# Warp lumber



## hhhopks (Nov 22, 2011)

What do you folks do with those warp lumber pieces that may be too challenging to obtain workable material from? It is highly questionable if it is worthwhile to flatten out or to cut up the pieces where it is still useful. What can you make with these odd end pieces beside a nice warm fire for the winter months?


----------



## Sawkerf (Dec 31, 2009)

Since warped boards are seldom evenly curved, it's often possible to "salvage" part of it by cutting off the straight part(s) and scraping the curve.

You can also use slightly "irregular" pieces in places where they'll be screwed, nailed, or glued to another piece. I've even used slightly curved boards for drawer fronts. I attach them from the inside of the drawer box with screws which sucks them down flat and straight.

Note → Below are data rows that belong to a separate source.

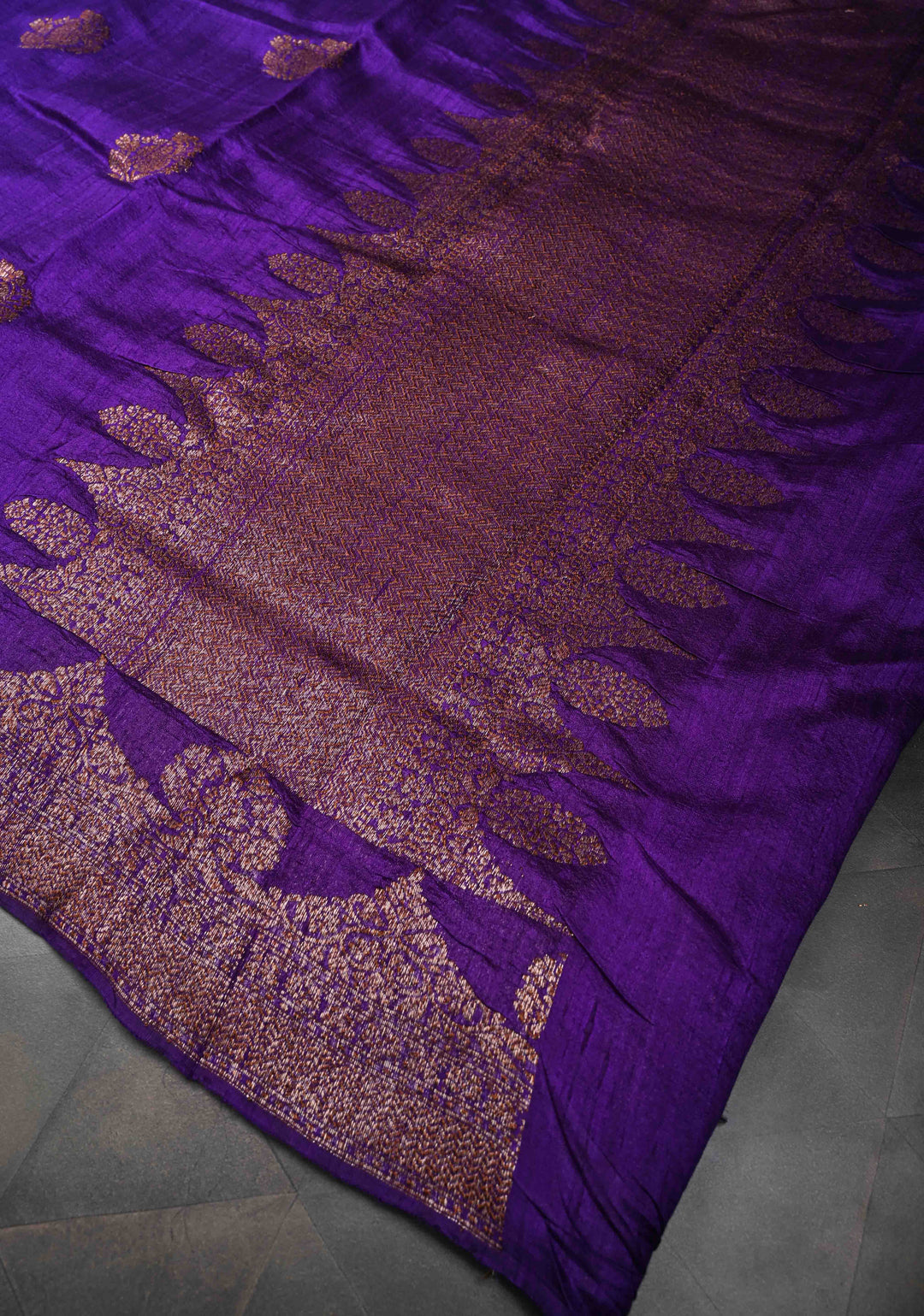 Purple Banarasi Raw Silk Saree with Antique Zari Buttas and Scalloped Border | SILK MARK CERTIFIED
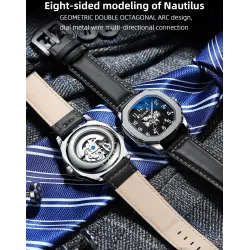 CHENXI - automatic mechanical Quartz watch - waterproof - skeleton design - silver / blueWatches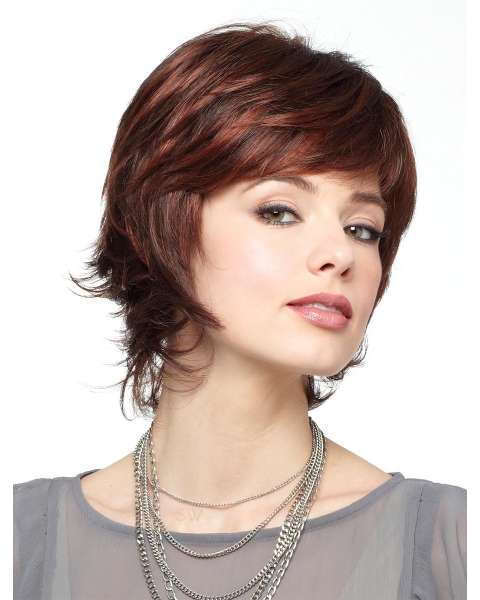 Soft Auburn Wavy Short Monofilament  Synthetic Women Bobs  Wigs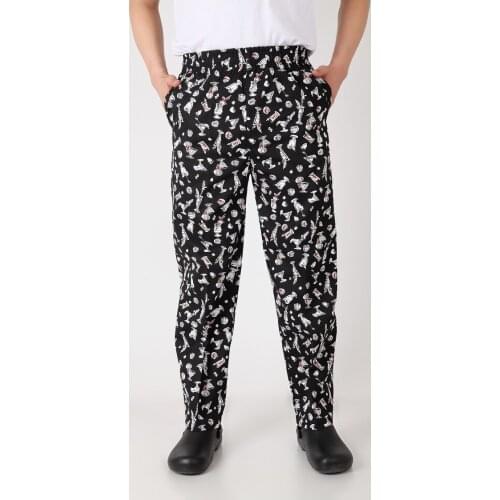 2017 New mens chef pants Kitchen Trouser bottoms ajustable waist with elastic band pants food service pants black color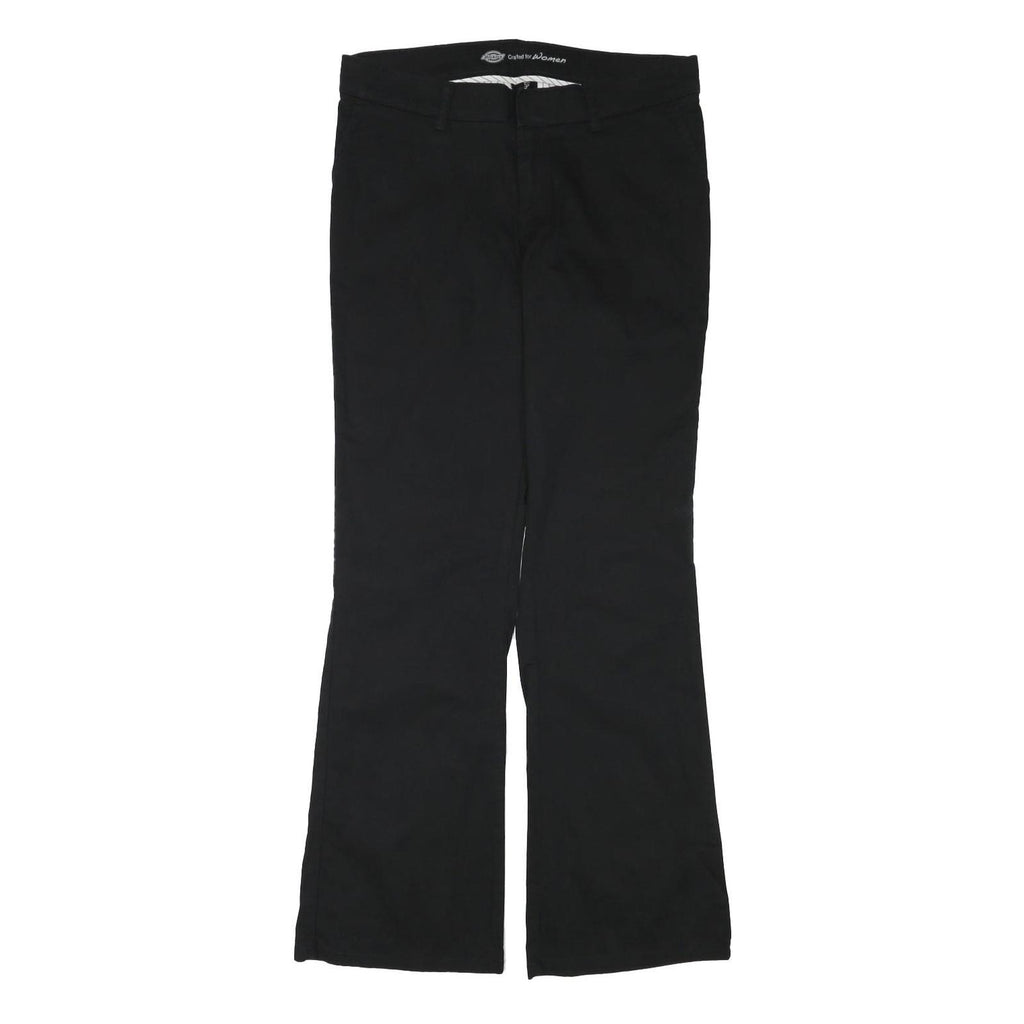DICKIES Womens Cotton Blend Black Regular Fit Bootcut Trousers W33 L32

But some of it is just expensive firewood. - lol


----------



## HalDougherty (Jul 15, 2009)

You can steam them and press them flat while they dry, but they will always have internal stresses and will not be stable. I just cut off any pieces that are usable and scrap the rest.


----------



## bondogaposis (Dec 18, 2011)

It depends how severely warped they are. Generally you can cut them into shorter pieces and joint and plane them into thinner boards. Some times you can suck a mildly warped board into being straight through joinery and a lot of clamps, that can be risky though as it may warp the whole project.


----------



## GaryK (Jun 25, 2007)

I'll usually glue up two opposing pieces into one thick piece and then use that. I always have a use for thick lumber.


----------



## marcosvillamontes (Jun 4, 2012)

warping means: cutting into two pieces (on the length) and install them one opposite of the other, or if it is in the width, cut into a little width and remold or just sand in rough side if it were a finished deck. Anyway, this is what we do with warped boards.

There is also a tool designed for warped boards, it is called a BoWrench, see here for a picture (picture 3):
http://www.roquevalente.com/ipe_deck_installation_storage.htm

Warping by the way is due to poor drying, your supplier sold you wet boards (with a high moisture content) and then after due to its grains tensions arrise because of drying and then it starts to warp. What your supplier should have done is to have it dried and then cut or mold all the warpings and other defect out.


----------



## MonteCristo (May 29, 2012)

I turn stuff like that on my lathe.


----------



## OnlyJustME (Nov 22, 2011)

I ripped them down to 3/4×1/4 strips and made some wooden tomato cages with them. i'll post a pic tomorrow.


----------



## rance (Sep 30, 2009)

Pendants. Also glue them together to get larger pieces. No such thing as a piece too small that you can't use if for something.


----------



## nwbusa (Feb 21, 2012)

Kindling.


----------



## ssnvet (Jan 10, 2012)

If the warp is primarily at one end… cut it off and then see if you can use the jointer/TS/planer to get a smaller piece out of what's left….

If the stick is badly warped and looks like it will take to much work to salvage anyting useful…. into the firepalce it goes.


----------



## marcosvillamontes (Jun 4, 2012)

just throw it with the rest


----------



## TorqNut (Apr 29, 2012)

Turn it on the lathe or use it in making small curve projects - the last step is put it in the recylce bin for warmth during the cold months.

Hey, Marcos, will that "rest" pile ever get any smaller. )


----------



## hhhopks (Nov 22, 2011)

Somehow, I always end up with these short warp cutoffs where none of them can be used for anything. But on those rear occasions where a naturally curved piece is needed none can be found!

I guess you salvage what you can and call it good and move on with life. At lease we'll be roasting marshmallow and making smores this coming fall/winter. So it can't be all bad : )


----------